ACTIVITY => In the records below, the line that contains "Eddie Bauer First" marks the start. Copy it and each line after it through the end, exactly, without pictures.

MATERIAL TO PROCESS =>
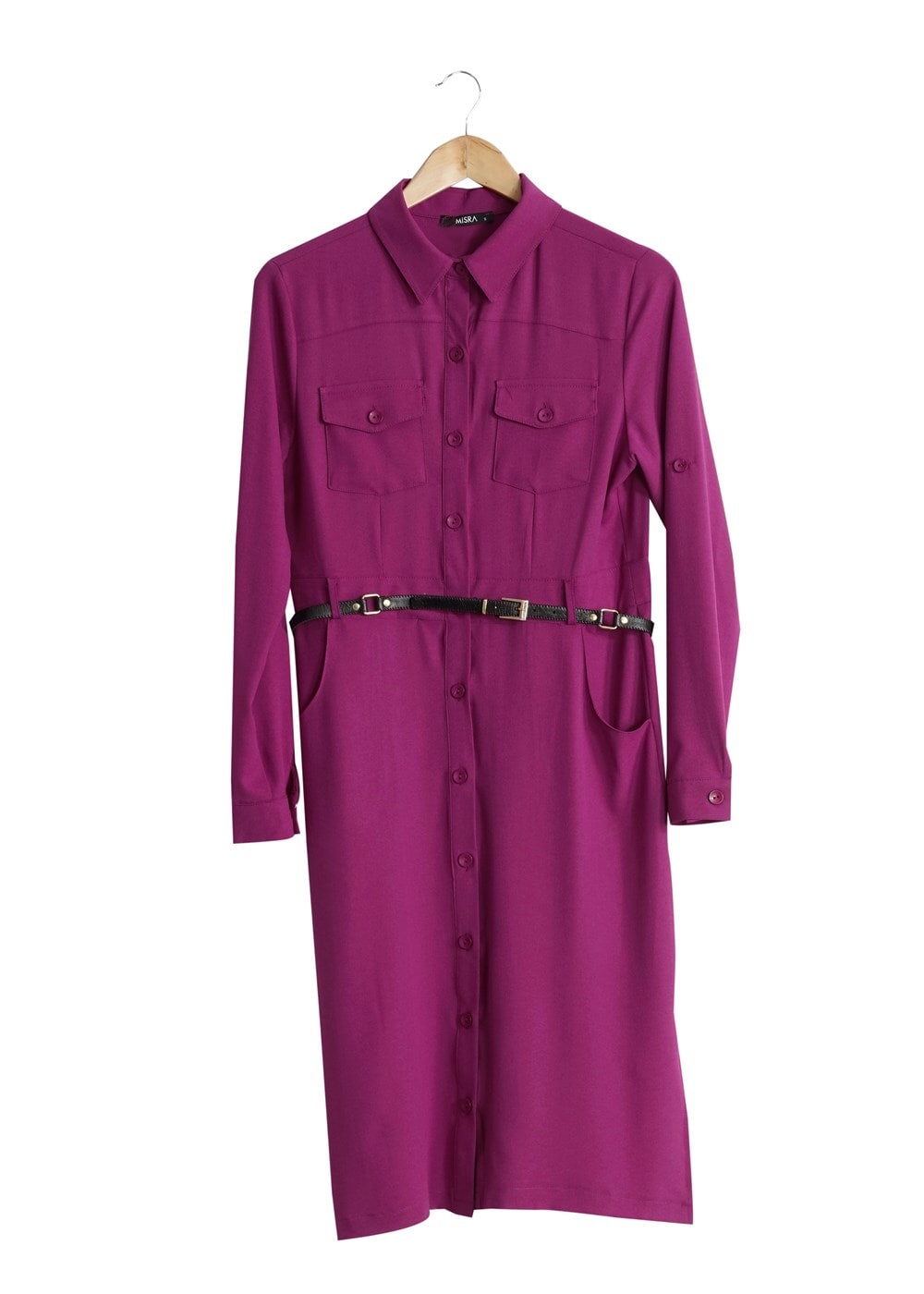 Vêtements hijab PRUNE T 998 Mısra Cepli Kemerli Tunik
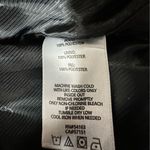 Calvin Klein Water Repellent Puffy Gray Vest Size S/M Faux Knit Design Zip Hood Silver Photo 7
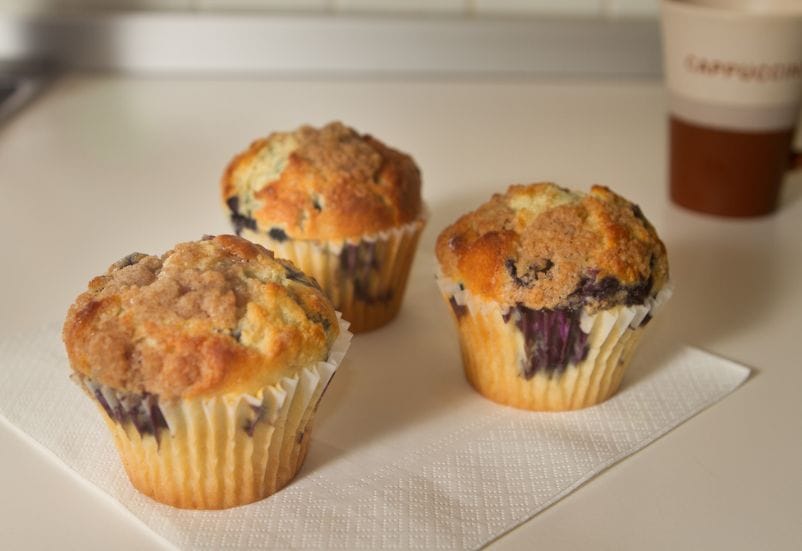 Blueberry & Walnut Bran Muffins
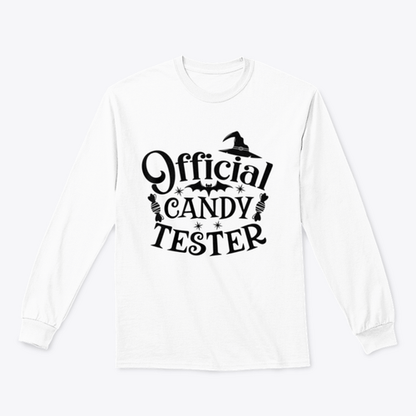 Official Candy Tester Vector Halloween Design for Sweatshirt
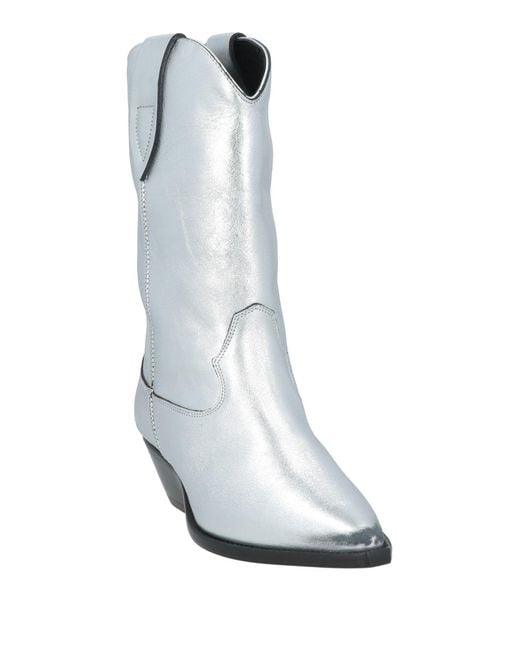 Isabel Marant White Ankle Boots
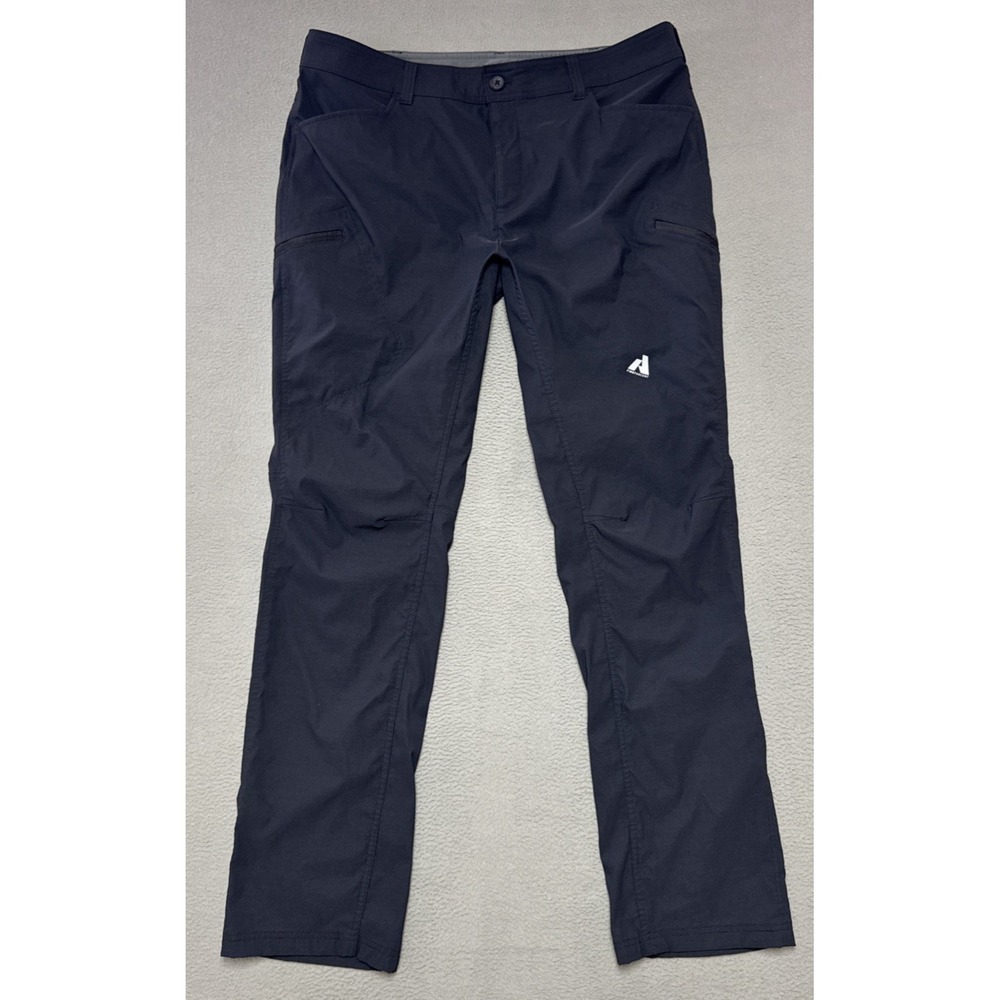 Eddie Bauer First Ascent Guide Pro Pants Mens T40x36 Black Outdoor Hiking Tech‎
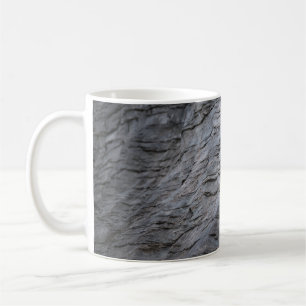 Taza De Café Tejidos de rayas negras y grises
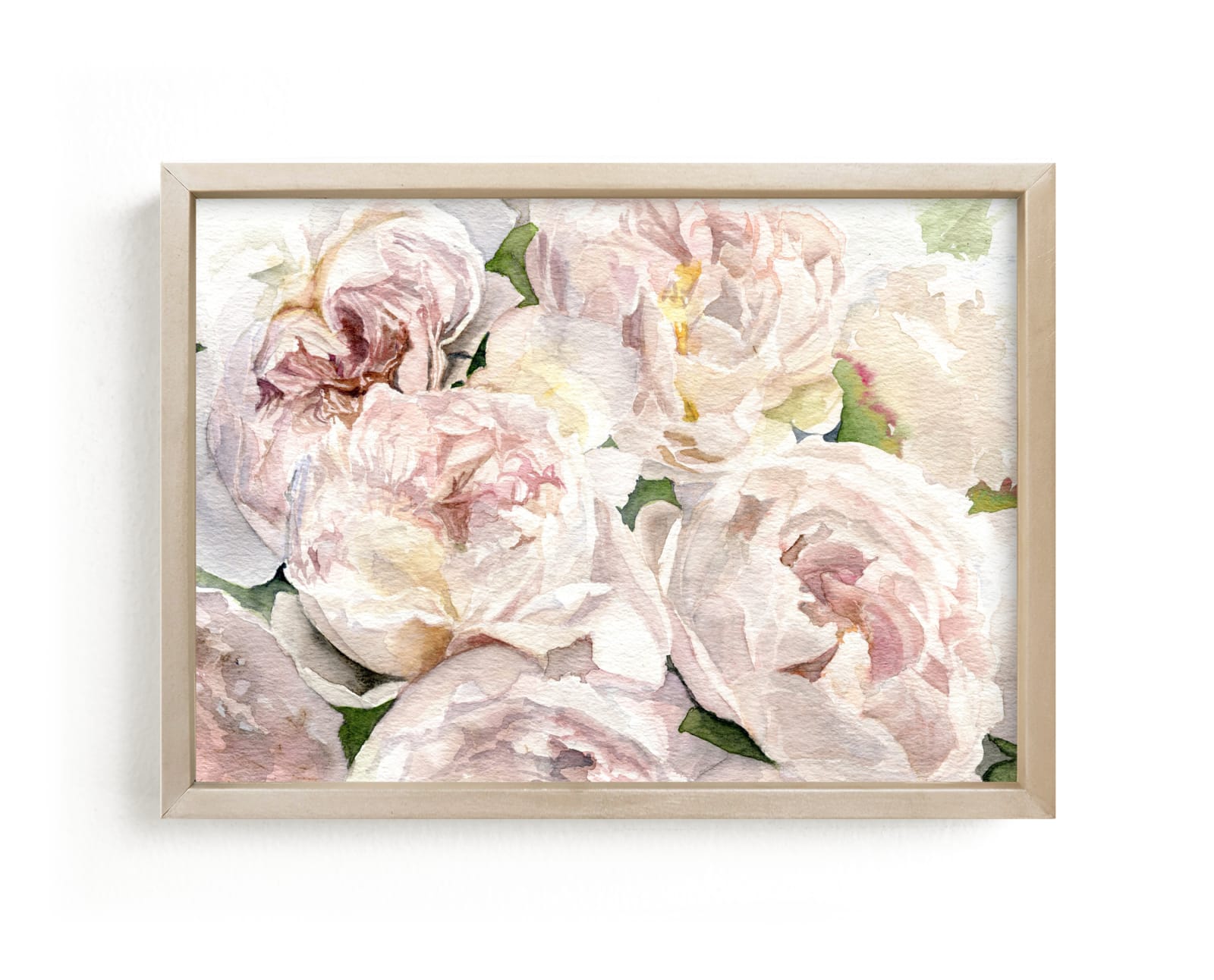 "Bushel of Pink Peonies" by Jess Blazejewski in beautiful frame options and a variety of sizes.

EXERCISE OUTPUT =>
 Eddie Bauer First Ascent Guide Pro Pants Mens T40x36 Black Outdoor Hiking Tech‎
 Taza De Café Tejidos de rayas negras y grises
 "Bushel of Pink Peonies" by Jess Blazejewski in beautiful frame options and a variety of sizes.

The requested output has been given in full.